开发者

What is the correct type for array indexes in C?

What type for array index in C99 should be used? It have to work on LP32, ILP32, ILP64, LP64, LLP64 and more. It doesn't have to be a C89 type.

I have found 5 candidates:

  • size_t
  • ptrdiff_t
  • intptr_t / uintptr_t
  • int_fast*_t / uint_fast*_t
  • int_least*_t / uint_least*_t

There is simple code to better illustrate problem. What is the best type for i and j in these two particular loops. If there is a good reason, two different types are fine too.

for (i=0; i<imax; i++) {
        do_something(a[i]);
}
/* jmin can be less than 0 */
for (j=jmin; j<jmax; j++) {
        do_something(a[j]);
}

P.S. In the first version of question I had forgotten about negative indexes.

P.P.S. I am not going to write a C99 compiler. However any answer from a compiler programmer would be very valuable for me.

Similar question:


I think you should use ptrdiff_t for the following reasons

  • Indices can be negative. Therefore for a general statement, all unsigned types, including size_t, are unsuitable.
  • The type of p2 - p1 is ptrdiff_t. If i == p2 - p1, then you should be able to get p2 back by p2 == p1 + i. Notice that *(p + i) is equivalent to p[i].
  • As another indication for this "general index type", the type of the index that's used by overload resolution when the builtin operator[] (for example, on a pointer) competes against a user-provided operator[] (for example vector's) is exactly that (http://eel.is/c++draft/over.built#16): >

    For every cv-qualified or cv-unqualified object type T there exist candidate operator functions of the form

    T*      operator+(T*, std::ptrdiff_t);
    T&      operator[](T*, std::ptrdiff_t);
    T*      operator-(T*, std::ptrdiff_t);
    T*      operator+(std::ptrdiff_t, T*);
    T&      operator[](std::ptrdiff_t, T*);
    

EDIT: If you have a really big array or a pointer to a really big memory portion, then my "general index type" doesn't cut it, as it then isn't guaranteed that you can subtract the first element's address from the last element's address. @Ciro's answer should be used then https://stackoverflow.com/a/31090426/34509 . Personally I try to avoid using unsigned types for their non-ability to represent negative edge cases (loop end-values when iterating backwards for example), but this is a kind of religious debate (I'm not alone in that camp, though). In cases where using an unsigned type is required, I must put my religion aside, of course.

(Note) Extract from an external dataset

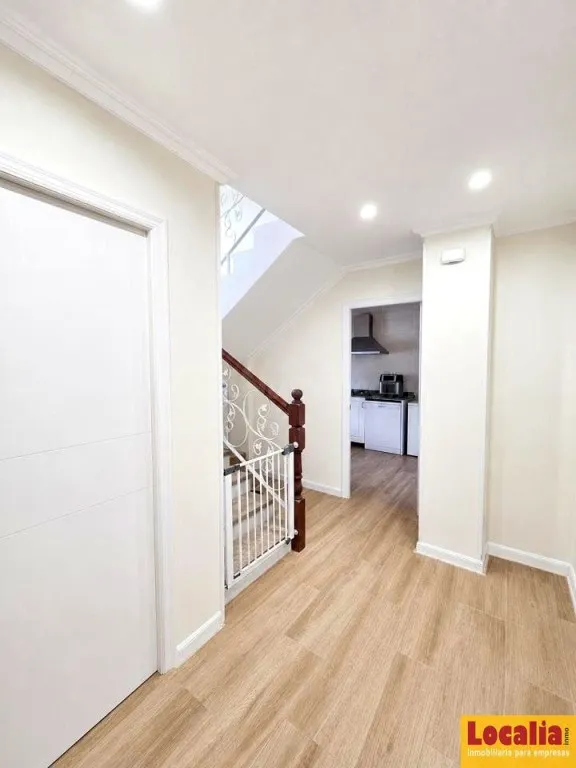 Casa familiar reformada con jardín en Miengo — 26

I almost always use size_t for array indices/loop counters. Sure there are some special instances where you may want signed offsets, but in general using a signed type has a lot of problems:

The biggest risk is that if you're passed a huge size/offset by a caller treating things as unsigned (or if you read it from a wrongly-trusted file), you may interpret it as a negative number and fail to catch that it's out of bounds. For instance if (offset<size) array[offset]=foo; else error(); will write somewhere it shouldn't.

Another problem is the possibility of undefined behavior with signed integer overflow. Whether you use unsigned or signed arithmetic, there are overflow issues to be aware of and check for, but personally I find the unsigned behavior a lot easier to deal with.

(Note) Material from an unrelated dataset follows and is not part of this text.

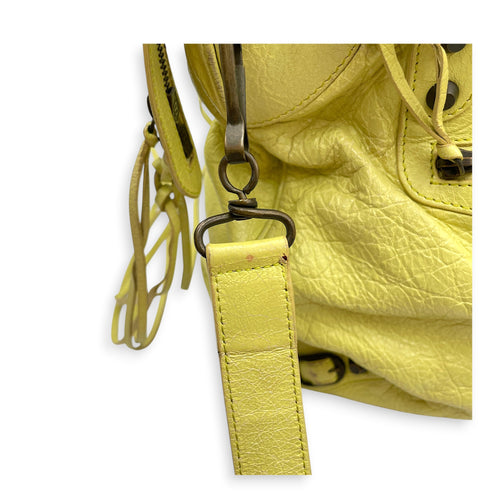 Velo Yellow Shoulder Bag in Distressed Leather Ruthenium hardware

Yet another reason to use unsigned arithmetic (in general) - sometimes I'm using indices as offsets into a bit array and I want to use %8 and /8 or %32 and /32. With signed types, these will be actual division operations. With unsigned, the expected bitwise-and/bitshift operations can be generated.

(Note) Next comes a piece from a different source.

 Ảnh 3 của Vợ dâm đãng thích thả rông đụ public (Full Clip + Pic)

Since the type of sizeof(array) (and malloc's argument) is size_t, and the array can't hold more elements than its size, it follows that size_t can be used for the array's index.

EDIT This analysis is for 0-based arrays, which is the common case. ptrdiff_t will work in any case, but it's a little strange for an index variable to have a pointer-difference type.


size_t

If you start at 0, use size_t because that type must be able to index any array:

  • sizeof returns it, so it is not valid for an array to have more than size_t elements
  • malloc takes it as argument, as mentioned by Amnon

If you start below zero, then shift to start at zero, and use size_t, which is guaranteed to work because of the reasons above. So replace:

for (j = jmin; j < jmax; j++) {
    do_something(a[j]);
}

with:

int *b = &a[jmin];
for (size_t i = 0; i < (jmax - jmin); i++) {
    do_something(b[i]);
}

Why not to use:

  • ptrdiff_t: the maximum value this represents may be smaller than the maximum value of size_t.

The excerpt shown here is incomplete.